Thanks for the message. It’s not immediately obvious to me where the 5% number comes from, or how you know it’s due to differences in missing files. Can you walk me through it? It strikes me that mAP is possibly more vulnerable than d-prime. We track d-prime and have been surprised how consistent the overall results have been as the data has eroded by >10% over time. Thanks, DAn.

…

On Wed, Apr 6, 2022 at 13:02 Billy ***@***.***> wrote: Hi, Dan and the other contributors: Thank you for maintaining the repo so far! AudioSet, to me, is a great resource, and still the best resource to understand the nature of sound. We did a recent study: paper <https://arxiv.org/abs/2203.13448> and code <https://github.com/lijuncheng16/AudioTaggingDoneRight>, where we found the recent research papers are having a whooping *+- 5%* difference in performance due to test set missing files when downloading. Plus, the *difference in label quality* also contributed to the performance variation and making it less fair (see figure 2 in our paper). I understand you guys have legal constraints on youtube licensing, but guess this issue could be easier for the original authors to address. Either to advocate the community to use a common subset, or release an updated test set? given you guys already released updated strong labels. Looking forward to your thoughts. — Reply to this email directly, view it on GitHub <#8>, or unsubscribe <https://github.com/notifications/unsubscribe-auth/AAEGZUP2YNCN3HRZOULZCBTVDW7SPANCNFSM5SWVVQ5Q> . You are receiving this because you are subscribed to this thread.Message ID: ***@***.***>

lijuncheng16 · 2022-04-06T17:58:05Z

Hi, Dan:
Thank you again for your prompt response!
In our Paper: In table 1, due to the downloading difference of AudioSet, number of train&test set varies a whopping ±5% across previous works.

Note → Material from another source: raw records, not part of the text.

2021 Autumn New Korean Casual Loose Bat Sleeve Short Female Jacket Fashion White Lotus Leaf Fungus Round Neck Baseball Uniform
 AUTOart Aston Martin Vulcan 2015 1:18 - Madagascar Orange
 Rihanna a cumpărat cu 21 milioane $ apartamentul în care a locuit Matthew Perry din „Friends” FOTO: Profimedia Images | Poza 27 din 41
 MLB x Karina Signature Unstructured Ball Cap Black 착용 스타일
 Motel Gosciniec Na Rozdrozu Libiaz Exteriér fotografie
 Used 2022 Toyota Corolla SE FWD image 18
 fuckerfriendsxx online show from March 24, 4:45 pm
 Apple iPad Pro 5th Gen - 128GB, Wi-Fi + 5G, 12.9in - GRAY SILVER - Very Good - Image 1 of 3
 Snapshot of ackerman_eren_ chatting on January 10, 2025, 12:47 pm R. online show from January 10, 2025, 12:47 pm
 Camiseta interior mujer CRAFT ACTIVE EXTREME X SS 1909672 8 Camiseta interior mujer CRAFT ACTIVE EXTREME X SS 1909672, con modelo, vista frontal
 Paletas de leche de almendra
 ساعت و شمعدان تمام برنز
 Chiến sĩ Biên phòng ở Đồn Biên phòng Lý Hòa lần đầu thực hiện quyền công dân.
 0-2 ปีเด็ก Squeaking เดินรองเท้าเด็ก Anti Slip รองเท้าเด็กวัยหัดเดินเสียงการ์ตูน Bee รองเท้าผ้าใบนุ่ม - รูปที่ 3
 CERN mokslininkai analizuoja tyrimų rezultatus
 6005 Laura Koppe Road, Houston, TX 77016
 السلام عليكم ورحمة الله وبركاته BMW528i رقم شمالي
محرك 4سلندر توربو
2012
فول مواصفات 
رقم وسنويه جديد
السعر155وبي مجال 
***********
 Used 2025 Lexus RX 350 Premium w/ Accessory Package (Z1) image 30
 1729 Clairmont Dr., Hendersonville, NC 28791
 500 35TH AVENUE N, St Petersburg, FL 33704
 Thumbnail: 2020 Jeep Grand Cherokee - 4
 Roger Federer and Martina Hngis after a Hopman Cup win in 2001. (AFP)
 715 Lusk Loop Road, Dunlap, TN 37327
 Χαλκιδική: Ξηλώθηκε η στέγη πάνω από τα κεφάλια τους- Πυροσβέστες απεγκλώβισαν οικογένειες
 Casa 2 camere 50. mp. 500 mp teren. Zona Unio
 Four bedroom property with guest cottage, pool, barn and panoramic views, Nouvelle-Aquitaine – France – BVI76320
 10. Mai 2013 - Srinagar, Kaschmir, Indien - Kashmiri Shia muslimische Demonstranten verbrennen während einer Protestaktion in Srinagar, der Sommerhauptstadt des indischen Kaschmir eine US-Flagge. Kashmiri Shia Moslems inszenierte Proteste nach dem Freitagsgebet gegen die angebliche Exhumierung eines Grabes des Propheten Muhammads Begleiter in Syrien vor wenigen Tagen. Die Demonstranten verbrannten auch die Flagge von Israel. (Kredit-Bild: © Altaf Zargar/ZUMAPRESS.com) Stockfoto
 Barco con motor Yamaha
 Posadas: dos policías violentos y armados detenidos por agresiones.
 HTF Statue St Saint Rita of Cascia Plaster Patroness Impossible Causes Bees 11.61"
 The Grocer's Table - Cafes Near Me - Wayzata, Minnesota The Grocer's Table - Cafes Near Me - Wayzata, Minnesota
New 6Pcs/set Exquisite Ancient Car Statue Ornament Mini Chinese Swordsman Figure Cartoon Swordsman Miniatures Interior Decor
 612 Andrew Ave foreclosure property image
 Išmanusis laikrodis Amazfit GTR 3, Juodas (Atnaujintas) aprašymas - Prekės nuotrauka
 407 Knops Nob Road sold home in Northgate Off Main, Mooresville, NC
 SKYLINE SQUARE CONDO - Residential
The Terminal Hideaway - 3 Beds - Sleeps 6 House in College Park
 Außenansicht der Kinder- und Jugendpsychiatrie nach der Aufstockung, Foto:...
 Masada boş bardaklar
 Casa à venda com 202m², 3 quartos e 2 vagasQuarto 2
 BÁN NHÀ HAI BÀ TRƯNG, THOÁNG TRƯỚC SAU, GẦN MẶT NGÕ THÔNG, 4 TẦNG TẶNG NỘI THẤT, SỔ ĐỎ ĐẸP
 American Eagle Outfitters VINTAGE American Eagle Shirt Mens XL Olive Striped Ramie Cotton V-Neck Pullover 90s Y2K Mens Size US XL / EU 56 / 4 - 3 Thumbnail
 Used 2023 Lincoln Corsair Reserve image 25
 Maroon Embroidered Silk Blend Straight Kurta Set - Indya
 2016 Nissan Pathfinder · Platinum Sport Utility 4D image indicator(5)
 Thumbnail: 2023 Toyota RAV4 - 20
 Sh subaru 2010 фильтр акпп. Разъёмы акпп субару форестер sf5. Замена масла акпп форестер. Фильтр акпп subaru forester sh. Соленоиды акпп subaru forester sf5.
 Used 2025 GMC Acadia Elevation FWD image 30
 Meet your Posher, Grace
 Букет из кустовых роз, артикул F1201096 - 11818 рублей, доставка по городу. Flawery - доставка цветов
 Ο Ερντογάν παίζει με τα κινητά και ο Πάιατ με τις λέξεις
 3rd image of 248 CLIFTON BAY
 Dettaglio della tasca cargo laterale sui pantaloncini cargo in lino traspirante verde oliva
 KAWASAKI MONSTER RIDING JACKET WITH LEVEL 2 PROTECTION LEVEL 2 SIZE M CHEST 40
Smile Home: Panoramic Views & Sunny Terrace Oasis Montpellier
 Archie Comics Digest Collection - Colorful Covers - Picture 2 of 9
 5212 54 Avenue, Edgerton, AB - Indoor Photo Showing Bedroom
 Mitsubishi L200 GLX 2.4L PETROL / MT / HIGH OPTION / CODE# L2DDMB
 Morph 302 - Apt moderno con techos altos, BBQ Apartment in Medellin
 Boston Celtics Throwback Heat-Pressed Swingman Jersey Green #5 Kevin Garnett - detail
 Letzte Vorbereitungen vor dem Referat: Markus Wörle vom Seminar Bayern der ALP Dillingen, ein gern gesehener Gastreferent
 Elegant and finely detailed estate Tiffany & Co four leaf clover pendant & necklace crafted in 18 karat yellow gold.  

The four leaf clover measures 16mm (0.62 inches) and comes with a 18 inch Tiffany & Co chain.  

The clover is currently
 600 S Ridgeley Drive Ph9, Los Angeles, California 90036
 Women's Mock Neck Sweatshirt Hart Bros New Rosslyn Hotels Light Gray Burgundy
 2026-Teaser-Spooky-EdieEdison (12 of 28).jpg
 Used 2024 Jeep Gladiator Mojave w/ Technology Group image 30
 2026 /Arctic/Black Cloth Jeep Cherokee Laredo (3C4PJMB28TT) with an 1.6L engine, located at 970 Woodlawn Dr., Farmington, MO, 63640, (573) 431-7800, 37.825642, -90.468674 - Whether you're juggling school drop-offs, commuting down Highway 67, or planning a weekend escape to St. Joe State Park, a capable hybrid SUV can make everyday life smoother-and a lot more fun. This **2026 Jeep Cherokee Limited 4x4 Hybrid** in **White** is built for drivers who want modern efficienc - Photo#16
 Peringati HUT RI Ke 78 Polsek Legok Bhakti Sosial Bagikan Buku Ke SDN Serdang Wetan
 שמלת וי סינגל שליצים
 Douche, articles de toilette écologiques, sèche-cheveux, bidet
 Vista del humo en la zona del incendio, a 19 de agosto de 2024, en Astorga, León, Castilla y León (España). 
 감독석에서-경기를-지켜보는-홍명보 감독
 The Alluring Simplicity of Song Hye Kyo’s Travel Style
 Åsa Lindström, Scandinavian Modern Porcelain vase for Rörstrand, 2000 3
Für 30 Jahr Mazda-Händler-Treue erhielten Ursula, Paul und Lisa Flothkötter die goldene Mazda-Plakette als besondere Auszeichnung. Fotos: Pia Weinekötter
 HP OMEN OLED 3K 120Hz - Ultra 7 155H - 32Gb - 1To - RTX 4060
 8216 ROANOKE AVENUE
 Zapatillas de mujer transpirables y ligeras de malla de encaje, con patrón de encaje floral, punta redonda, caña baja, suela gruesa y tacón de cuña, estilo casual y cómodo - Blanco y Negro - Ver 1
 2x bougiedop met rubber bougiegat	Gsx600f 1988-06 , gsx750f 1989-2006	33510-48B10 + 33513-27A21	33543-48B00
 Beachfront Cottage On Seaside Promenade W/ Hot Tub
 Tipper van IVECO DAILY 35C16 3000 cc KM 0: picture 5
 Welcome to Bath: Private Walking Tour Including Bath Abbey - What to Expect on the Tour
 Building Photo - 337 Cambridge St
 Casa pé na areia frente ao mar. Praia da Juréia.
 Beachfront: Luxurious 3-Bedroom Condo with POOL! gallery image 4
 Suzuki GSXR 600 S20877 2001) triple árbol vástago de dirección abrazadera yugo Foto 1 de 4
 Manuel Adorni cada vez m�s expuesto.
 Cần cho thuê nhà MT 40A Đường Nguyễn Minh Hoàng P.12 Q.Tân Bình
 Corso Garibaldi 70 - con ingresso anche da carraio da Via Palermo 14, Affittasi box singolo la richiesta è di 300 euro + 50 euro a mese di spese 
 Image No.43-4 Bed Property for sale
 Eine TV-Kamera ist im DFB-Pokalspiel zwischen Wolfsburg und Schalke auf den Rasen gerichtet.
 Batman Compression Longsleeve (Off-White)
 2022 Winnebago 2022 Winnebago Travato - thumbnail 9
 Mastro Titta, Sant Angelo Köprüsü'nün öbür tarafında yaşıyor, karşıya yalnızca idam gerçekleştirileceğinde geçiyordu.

e.g. AST<Gong 2021 et al>number of test : 19185 VS. Ours: 20123. |19185 - 20123| / 19185 = 0.049 that's where the 5% comes from.
Not to mention the ERANN< Verbitskiy et al>'s test size was only 17967.

We use the exact setup of training pipeline of AST and result in a 2.5% mAP drop by using our test set VS. using theirs.

Especially, the different test size could cause severe fluctuations in final mAP reporting as seen in Figure 2 for our paper.
e.g. one could have downloaded the lower-label-quality test samples that tank their score.
or e.g. one could test only on some high-label-quality samples and report higher mAP.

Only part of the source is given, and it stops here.